# General > Member's Lounge > Nature and Conservation >  ST: Look what just came out of the water (inside got fish!)

## barmby

The Straits Times
Published on Oct 17, 2013

It was like something out of a fantasy novel - a marine science instructor spotted the silvery carcass of a 5m-long, serpent-like oarfish while snorkelling off the Southern California coastline.

Ms Jasmine Santana of the Catalina Island Marine Institute (CIMI) needed more than 15 helpers to drag the creature to shore on Sunday.

The staff at CIMI are calling it the discovery of a lifetime. "We've never seen a fish this big," said Mr Mark Waddington. "The last oarfish we saw was three feet long." (That is just under a metre.)

Because oarfish dive more than 3,000 feet deep, sightings are rare and the fish is largely unstudied, said CIMI. The oarfish, which can grow to more than 15 metres, is a deep-water pelagic fish - the longest bony fish in the world. They are likely responsible for sea serpent legends throughout history. 

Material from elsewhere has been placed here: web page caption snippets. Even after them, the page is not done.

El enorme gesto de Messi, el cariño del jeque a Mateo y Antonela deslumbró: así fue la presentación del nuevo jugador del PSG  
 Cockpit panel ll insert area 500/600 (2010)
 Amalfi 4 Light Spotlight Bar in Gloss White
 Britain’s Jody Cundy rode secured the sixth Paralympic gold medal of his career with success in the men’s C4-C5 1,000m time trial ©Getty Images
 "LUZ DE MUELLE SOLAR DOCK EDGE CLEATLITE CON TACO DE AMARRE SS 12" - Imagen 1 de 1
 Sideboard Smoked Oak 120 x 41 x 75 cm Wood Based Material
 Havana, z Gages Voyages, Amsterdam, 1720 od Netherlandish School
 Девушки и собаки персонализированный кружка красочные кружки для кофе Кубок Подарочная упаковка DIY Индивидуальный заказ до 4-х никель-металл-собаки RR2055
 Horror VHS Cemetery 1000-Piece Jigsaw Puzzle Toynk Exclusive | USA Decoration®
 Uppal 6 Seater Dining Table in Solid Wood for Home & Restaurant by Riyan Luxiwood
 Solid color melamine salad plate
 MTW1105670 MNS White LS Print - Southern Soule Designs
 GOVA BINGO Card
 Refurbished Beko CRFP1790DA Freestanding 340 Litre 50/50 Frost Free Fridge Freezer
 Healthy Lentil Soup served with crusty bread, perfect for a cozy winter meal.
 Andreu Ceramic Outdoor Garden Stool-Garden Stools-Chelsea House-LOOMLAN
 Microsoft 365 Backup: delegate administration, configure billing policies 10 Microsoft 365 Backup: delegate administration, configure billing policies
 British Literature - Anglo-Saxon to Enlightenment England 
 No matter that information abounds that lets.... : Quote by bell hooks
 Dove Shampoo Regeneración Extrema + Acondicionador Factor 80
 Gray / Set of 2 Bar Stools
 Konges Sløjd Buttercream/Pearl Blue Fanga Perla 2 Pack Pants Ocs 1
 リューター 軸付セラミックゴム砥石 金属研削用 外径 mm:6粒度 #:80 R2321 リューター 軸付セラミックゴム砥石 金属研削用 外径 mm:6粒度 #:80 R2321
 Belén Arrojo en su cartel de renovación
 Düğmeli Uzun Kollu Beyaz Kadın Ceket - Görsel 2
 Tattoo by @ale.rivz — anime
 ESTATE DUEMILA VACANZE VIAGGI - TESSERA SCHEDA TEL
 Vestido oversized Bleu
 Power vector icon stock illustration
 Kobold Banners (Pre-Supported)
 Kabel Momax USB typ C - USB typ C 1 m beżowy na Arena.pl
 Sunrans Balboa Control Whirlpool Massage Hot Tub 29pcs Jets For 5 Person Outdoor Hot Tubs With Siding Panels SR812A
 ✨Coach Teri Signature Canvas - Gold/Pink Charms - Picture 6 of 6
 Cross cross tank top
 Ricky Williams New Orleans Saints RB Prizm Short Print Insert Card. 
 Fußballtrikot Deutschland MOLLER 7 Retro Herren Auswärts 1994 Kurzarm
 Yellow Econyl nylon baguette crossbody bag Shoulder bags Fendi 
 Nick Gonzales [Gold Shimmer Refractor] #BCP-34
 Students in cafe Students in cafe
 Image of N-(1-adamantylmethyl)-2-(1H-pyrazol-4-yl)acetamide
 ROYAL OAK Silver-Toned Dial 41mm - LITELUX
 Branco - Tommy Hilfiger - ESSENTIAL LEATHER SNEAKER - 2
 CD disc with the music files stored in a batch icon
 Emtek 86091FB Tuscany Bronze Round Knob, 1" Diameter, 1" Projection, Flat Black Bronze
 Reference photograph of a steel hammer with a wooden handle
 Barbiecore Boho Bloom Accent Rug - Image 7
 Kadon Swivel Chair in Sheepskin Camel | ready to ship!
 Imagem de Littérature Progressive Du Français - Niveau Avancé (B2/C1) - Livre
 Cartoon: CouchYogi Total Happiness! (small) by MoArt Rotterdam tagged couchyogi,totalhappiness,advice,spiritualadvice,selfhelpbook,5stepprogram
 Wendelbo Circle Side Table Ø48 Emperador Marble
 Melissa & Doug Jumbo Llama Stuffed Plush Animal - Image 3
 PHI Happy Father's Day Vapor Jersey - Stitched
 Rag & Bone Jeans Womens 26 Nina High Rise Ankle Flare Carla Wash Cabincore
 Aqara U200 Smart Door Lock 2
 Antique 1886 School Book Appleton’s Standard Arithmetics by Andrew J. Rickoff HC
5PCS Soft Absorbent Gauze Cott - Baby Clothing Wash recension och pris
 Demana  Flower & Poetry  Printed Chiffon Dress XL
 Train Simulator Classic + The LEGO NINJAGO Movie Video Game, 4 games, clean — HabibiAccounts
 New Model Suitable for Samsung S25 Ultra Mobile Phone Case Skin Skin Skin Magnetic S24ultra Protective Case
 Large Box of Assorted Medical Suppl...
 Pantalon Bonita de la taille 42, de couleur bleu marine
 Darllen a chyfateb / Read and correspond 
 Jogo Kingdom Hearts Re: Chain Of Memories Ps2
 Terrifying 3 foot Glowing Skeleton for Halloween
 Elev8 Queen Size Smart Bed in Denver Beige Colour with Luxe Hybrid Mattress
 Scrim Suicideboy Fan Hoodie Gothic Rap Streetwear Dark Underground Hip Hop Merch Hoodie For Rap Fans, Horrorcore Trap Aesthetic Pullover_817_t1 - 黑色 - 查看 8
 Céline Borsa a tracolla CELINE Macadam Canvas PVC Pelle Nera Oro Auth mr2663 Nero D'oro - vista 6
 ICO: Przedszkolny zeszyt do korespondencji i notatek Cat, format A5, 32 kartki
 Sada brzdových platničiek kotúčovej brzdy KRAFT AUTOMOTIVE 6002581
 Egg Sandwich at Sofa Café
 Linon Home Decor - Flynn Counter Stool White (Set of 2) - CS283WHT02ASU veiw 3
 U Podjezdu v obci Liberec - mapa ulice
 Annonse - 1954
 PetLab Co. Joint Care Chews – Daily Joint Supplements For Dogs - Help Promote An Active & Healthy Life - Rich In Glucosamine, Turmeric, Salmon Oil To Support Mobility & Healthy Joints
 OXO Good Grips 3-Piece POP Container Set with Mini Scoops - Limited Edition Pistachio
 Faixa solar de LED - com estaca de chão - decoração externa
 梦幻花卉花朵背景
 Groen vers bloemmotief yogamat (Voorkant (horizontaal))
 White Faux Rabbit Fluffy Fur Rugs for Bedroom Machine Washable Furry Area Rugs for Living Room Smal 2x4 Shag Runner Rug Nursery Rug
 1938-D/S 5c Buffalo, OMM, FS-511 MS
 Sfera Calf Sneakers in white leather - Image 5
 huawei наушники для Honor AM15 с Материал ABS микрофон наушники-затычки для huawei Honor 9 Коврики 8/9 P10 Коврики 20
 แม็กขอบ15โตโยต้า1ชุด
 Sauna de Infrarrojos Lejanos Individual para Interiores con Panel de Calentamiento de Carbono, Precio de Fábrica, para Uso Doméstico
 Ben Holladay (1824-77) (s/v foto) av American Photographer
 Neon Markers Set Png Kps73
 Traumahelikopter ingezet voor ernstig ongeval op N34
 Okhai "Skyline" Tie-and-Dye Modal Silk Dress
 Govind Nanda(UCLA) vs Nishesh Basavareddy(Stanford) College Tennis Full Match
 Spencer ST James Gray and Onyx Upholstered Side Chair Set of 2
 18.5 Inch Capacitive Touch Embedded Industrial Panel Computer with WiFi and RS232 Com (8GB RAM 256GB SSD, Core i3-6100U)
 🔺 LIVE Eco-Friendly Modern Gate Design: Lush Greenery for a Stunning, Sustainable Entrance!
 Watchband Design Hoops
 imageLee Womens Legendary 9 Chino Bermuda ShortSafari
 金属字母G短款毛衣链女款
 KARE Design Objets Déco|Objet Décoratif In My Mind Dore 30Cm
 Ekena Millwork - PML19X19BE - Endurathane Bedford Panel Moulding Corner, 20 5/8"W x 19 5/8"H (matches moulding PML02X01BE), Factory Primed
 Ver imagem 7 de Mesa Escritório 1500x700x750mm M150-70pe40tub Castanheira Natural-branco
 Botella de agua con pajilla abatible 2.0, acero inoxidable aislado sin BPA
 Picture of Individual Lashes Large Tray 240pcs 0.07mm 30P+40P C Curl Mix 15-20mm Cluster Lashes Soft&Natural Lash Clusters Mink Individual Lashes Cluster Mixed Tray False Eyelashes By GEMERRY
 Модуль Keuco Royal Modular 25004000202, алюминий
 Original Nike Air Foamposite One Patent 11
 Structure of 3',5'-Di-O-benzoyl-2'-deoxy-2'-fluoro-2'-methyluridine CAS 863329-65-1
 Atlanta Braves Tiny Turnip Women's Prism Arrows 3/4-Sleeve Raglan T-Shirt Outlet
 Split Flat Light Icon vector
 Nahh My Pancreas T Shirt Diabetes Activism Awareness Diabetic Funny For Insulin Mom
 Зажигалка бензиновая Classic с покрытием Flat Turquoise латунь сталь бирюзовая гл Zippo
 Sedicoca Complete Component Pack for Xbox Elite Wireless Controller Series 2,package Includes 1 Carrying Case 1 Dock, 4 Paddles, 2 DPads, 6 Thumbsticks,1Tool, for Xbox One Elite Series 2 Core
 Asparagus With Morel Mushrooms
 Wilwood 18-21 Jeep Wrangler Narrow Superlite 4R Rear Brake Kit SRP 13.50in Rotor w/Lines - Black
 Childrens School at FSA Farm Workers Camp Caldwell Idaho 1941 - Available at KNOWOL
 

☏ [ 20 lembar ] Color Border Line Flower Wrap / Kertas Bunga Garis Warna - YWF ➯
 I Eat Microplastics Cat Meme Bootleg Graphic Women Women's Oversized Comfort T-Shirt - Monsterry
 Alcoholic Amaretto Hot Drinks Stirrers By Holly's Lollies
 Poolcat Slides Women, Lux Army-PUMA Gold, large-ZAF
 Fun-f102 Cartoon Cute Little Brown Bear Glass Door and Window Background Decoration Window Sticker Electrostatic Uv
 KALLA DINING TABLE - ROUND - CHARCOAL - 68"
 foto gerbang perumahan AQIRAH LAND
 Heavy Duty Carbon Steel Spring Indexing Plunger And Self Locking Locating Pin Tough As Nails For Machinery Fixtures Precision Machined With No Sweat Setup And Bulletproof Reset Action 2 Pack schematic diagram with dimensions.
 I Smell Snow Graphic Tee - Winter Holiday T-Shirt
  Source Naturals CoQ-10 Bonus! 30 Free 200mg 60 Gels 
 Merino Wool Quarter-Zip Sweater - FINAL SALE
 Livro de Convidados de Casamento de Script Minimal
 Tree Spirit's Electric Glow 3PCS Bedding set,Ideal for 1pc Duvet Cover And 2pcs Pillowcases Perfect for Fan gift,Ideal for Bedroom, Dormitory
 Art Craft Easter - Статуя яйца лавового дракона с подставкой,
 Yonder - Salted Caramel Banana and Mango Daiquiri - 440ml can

-- PHOTO: ASSOCIATED PRESS

----------


## Shadow

Mutant from fukushima?  :Laughing:

----------


## mukyo

i have seen one in c328

-----------------------------------------
Visit and comment my L Tank and S Tank... <-- Click click !!
Thank you  :Smile:

----------


## stormhawk

Oarfish are not freshwater fish and they will not even be available for sale. You might have seen eels instead at C328.

----------


## lucasjiang

I think you possibly saw the dragon goby, gobioides broussounetttii? Bears a faint resemblance to an oarfish.

----------


## fotoudavid

poor fish.... yet to reach 15 meters...

----------


## mukyo

> Oarfish are not freshwater fish and they will not even be available for sale. You might have seen eels instead at C328.


joking la broooo hahahaha...
i like reading these kind of storiea but my fave is still giant squid. they are also bigger i think

-----------------------------------------
Visit and comment my L Tank and S Tank... <-- Click click !!
Thank you  :Smile:

----------


## stormhawk

Cryptozoology is a fun area to delve in. You should read about other weird animals that may or may not exist.

----------